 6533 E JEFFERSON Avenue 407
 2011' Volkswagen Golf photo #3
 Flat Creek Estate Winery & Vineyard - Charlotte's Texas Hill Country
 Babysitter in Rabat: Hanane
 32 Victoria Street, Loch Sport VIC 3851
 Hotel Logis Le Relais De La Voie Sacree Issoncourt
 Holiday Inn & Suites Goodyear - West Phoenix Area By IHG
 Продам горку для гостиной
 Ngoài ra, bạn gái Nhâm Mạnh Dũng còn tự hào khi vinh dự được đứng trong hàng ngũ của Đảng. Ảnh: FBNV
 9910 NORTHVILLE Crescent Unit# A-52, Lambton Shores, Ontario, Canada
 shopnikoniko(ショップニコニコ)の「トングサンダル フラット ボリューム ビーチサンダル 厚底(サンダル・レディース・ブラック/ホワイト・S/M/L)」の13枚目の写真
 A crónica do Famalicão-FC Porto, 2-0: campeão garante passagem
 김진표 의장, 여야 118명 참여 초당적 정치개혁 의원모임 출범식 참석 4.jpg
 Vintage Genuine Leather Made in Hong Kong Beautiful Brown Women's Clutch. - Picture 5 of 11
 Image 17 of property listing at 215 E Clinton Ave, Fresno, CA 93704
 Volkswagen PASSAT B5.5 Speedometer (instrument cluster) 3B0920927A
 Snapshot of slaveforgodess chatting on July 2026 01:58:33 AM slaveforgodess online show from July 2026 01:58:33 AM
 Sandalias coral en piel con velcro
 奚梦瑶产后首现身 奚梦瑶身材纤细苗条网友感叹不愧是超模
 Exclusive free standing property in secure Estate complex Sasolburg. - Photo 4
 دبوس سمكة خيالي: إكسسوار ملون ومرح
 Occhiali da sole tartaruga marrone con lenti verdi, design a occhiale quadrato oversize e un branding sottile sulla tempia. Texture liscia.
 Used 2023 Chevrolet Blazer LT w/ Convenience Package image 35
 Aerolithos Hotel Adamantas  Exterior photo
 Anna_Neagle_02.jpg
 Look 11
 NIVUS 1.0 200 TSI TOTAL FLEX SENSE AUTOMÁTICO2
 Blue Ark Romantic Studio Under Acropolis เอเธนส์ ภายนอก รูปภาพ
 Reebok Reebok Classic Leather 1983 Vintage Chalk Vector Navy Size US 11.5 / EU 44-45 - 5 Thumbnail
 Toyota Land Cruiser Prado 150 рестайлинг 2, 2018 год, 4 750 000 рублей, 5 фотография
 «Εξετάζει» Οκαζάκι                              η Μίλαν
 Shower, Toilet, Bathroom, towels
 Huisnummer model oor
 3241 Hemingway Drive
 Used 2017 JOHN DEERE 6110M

::::::

* **About this task**
Using the data above, transcribe the lines that run from the line with "9910 NORTHVILLE Crescent" to the line with "김진표 의장, 여야 118명", both ends kept, and output nothing else.

* **Written solution**
 9910 NORTHVILLE Crescent Unit# A-52, Lambton Shores, Ontario, Canada
 shopnikoniko(ショップニコニコ)の「トングサンダル フラット ボリューム ビーチサンダル 厚底(サンダル・レディース・ブラック/ホワイト・S/M/L)」の13枚目の写真
 A crónica do Famalicão-FC Porto, 2-0: campeão garante passagem
 김진표 의장, 여야 118명 참여 초당적 정치개혁 의원모임 출범식 참석 4.jpg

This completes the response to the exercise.